• **Work order**
Report back each line of the data that contains the word "Front".

• **Given records**
==*==

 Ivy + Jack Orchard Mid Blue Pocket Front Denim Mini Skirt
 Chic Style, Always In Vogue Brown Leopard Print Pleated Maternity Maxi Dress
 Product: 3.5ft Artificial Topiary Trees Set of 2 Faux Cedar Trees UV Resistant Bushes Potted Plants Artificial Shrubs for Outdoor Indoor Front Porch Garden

==*==

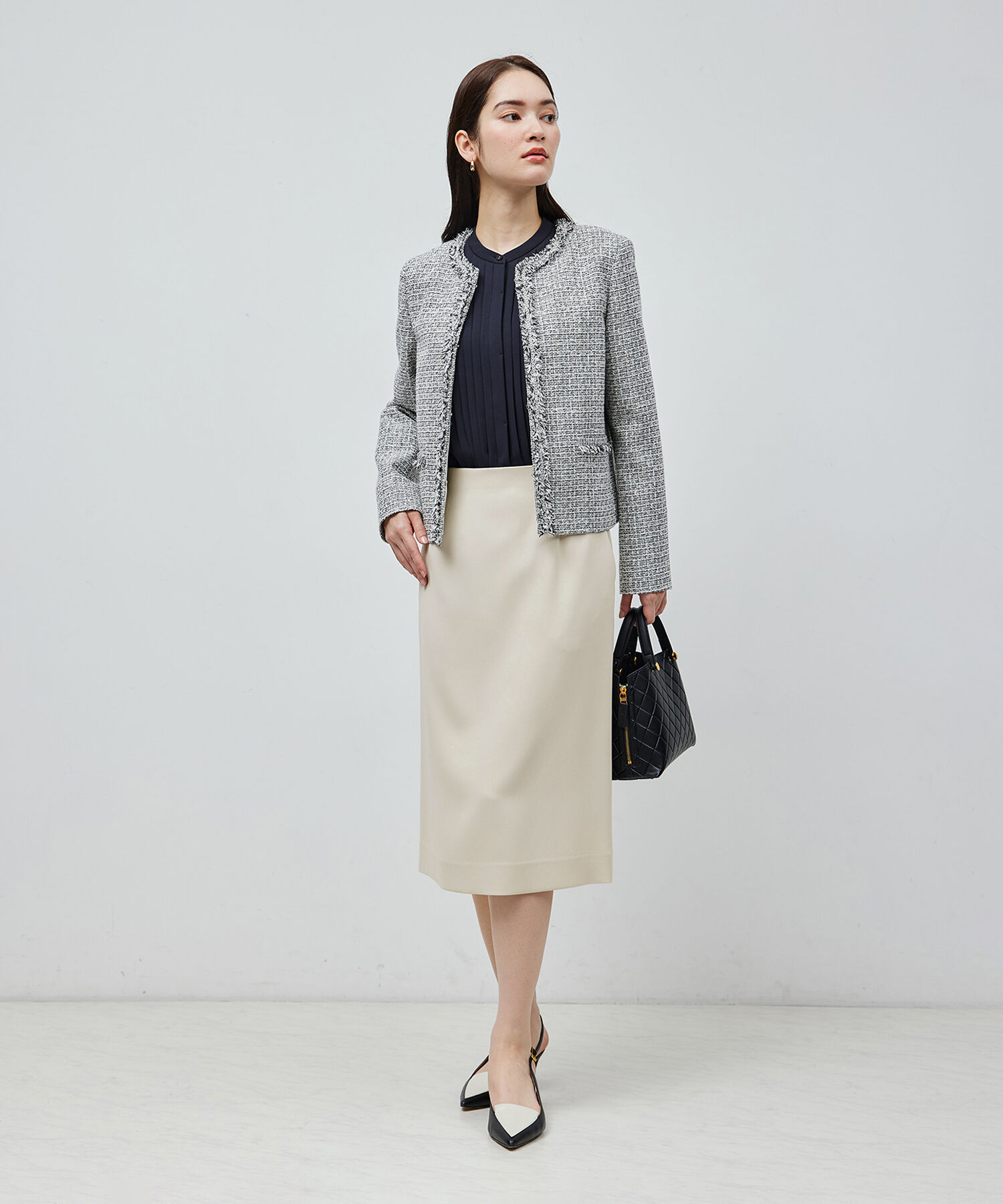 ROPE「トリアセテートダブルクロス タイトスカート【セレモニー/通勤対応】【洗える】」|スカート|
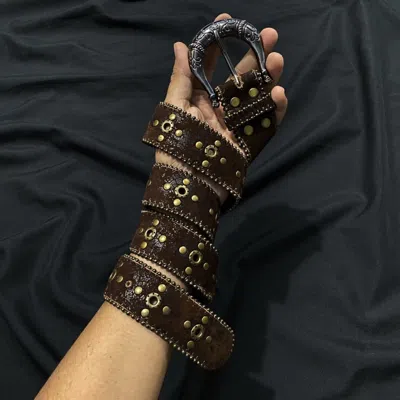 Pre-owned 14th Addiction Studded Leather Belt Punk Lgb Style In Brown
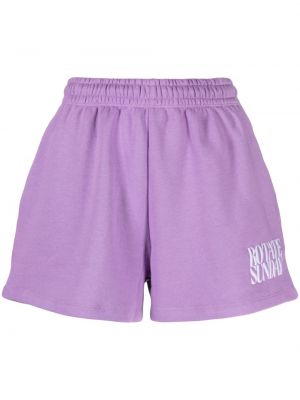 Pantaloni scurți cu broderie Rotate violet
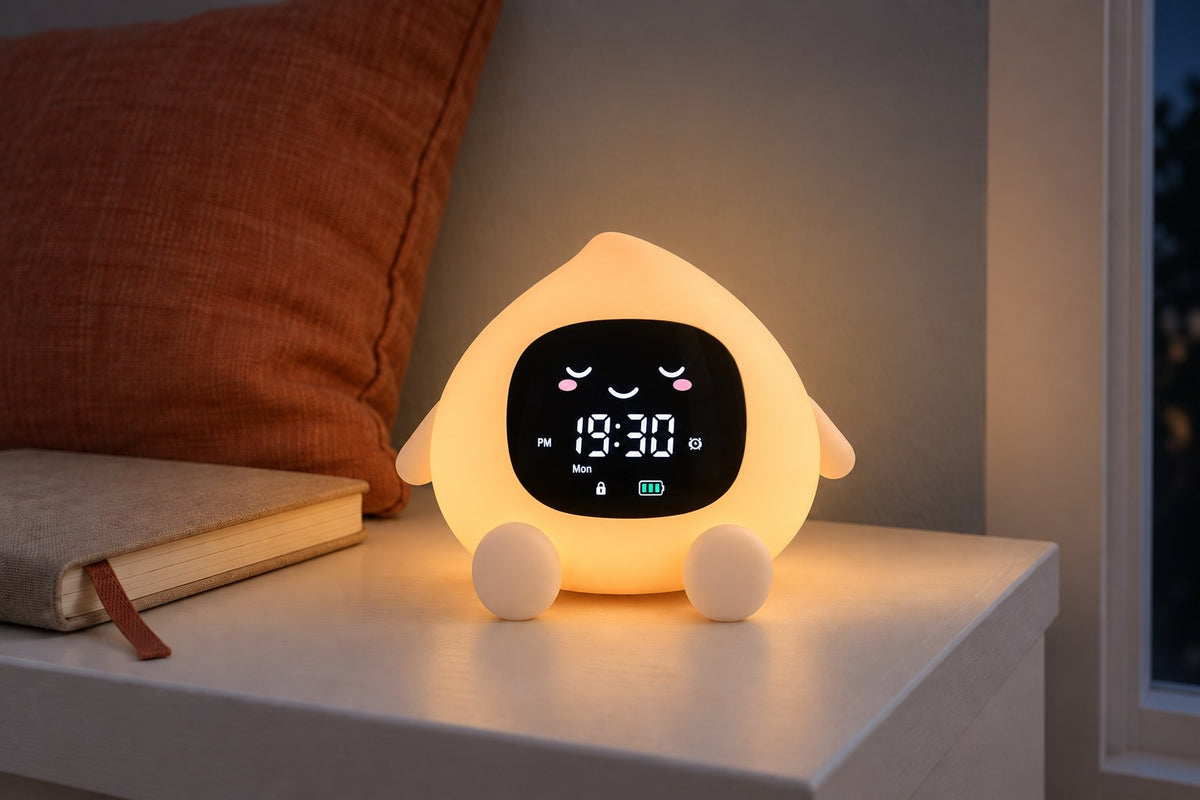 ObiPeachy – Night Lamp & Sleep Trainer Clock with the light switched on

==*==

• **Response below**
 Ivy + Jack Orchard Mid Blue Pocket Front Denim Mini Skirt
 Product: 3.5ft Artificial Topiary Trees Set of 2 Faux Cedar Trees UV Resistant Bushes Potted Plants Artificial Shrubs for Outdoor Indoor Front Porch Garden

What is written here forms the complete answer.